I’m not trying to suggest that it is an either or thing. Either we work to improve the world directly or we work to improve the world through working to improve our nation and its impact on the world at large. If my nation is as consequential and as powerful as America, then by working to improve or perfect it, I thereby automatically work to improve or perfect the world at large. But it’s also true that to that African woman Singer mentioned on air, it is probably a matter of indifference whether the 10,000 dollars needed to sink a well in her village comes from Oxfam or from some American development assistance program. Her situation is desparate. She will take what help she can get from anywhere she can get it. And she will take it now! And there is a point to saying that we shouldn’t forgo the lesser good that can now be achieved in pursuit of some more problematic and far off greater good that may never be achieved. So give to Oxfam and do some good, whether or not we ever manage to achieve the moral improvement of America.

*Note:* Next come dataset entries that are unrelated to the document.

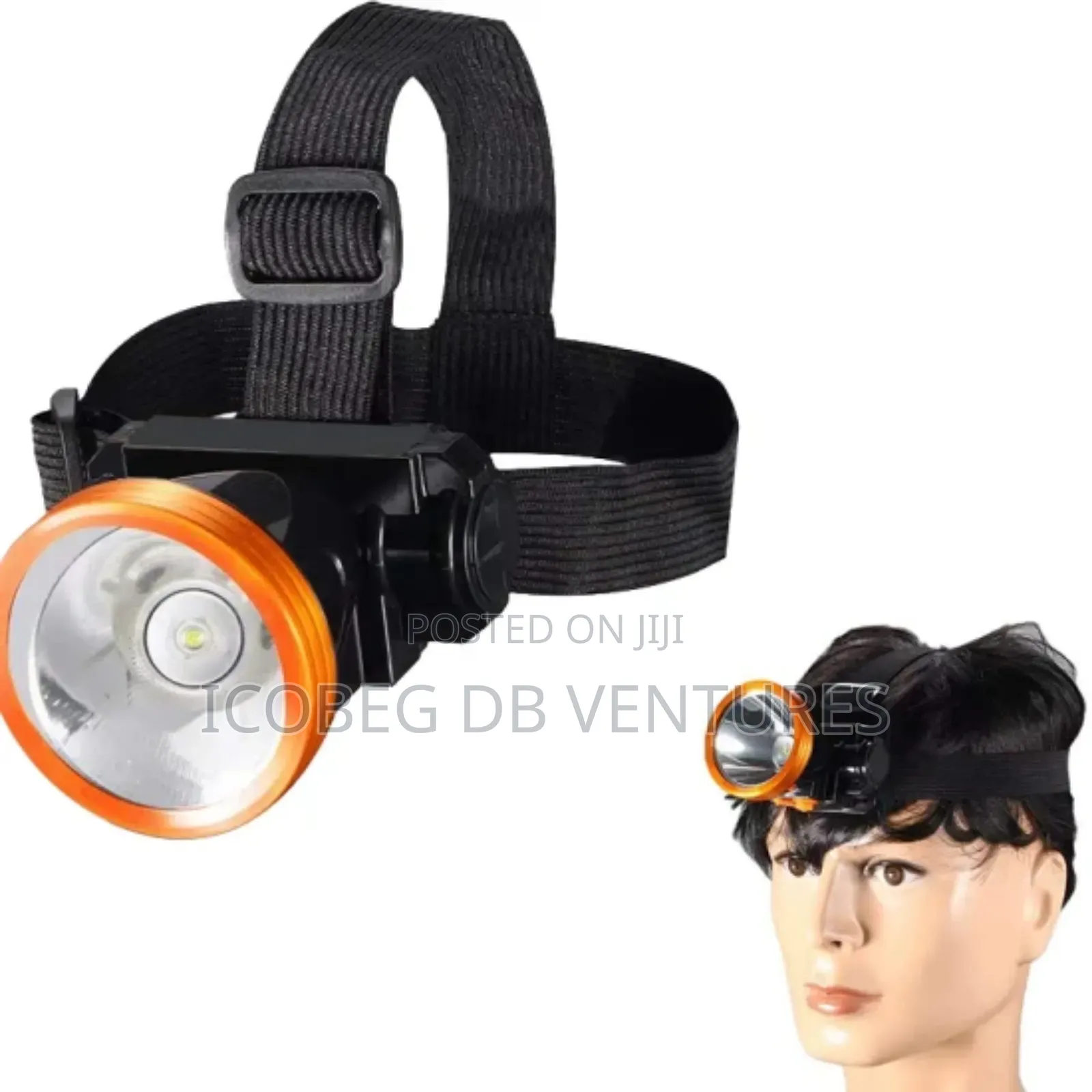 Dp Headlight Led Rechargeable Headlight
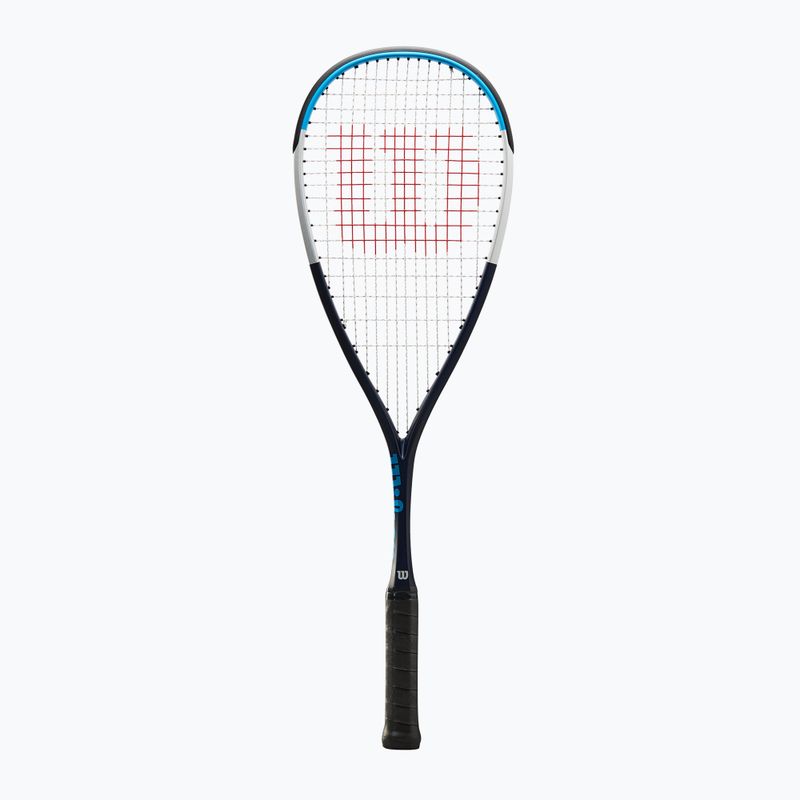 Wilson Ultra CV blau/silber Squashschläger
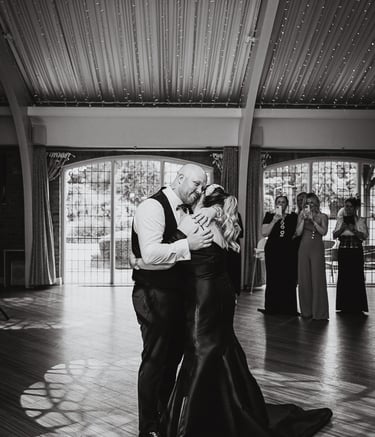 Wedding photographer working during ceremony in Leeds – documentary wedding photography by The Weddi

Still, because no one but we Americans can even hope to actively and directly work for the moral improvement of this consequential and powerful nation, and because the moral improvment of our nation is itself something urgently needed both by the world at large and by Americans at large, I think we can, with some justice, regard ourselves as having not just a special obligation to work for its moral improvement and perfection, but also the right to concentrate our efforts on America and to assign that task of improving her a very high priority indeed, even if that means that we decrease efforts that we might otherwise undertake toward directly ameliorating the plight of the least well off in the world. That wouldn’t mean that we were indifferent or uncaring and it wouldn’t justify us in entirely ignoring the plight of the distant worst off in the world. But it would mean that we took the task of perfecting or improving what is nearer and dearer utterly seriously.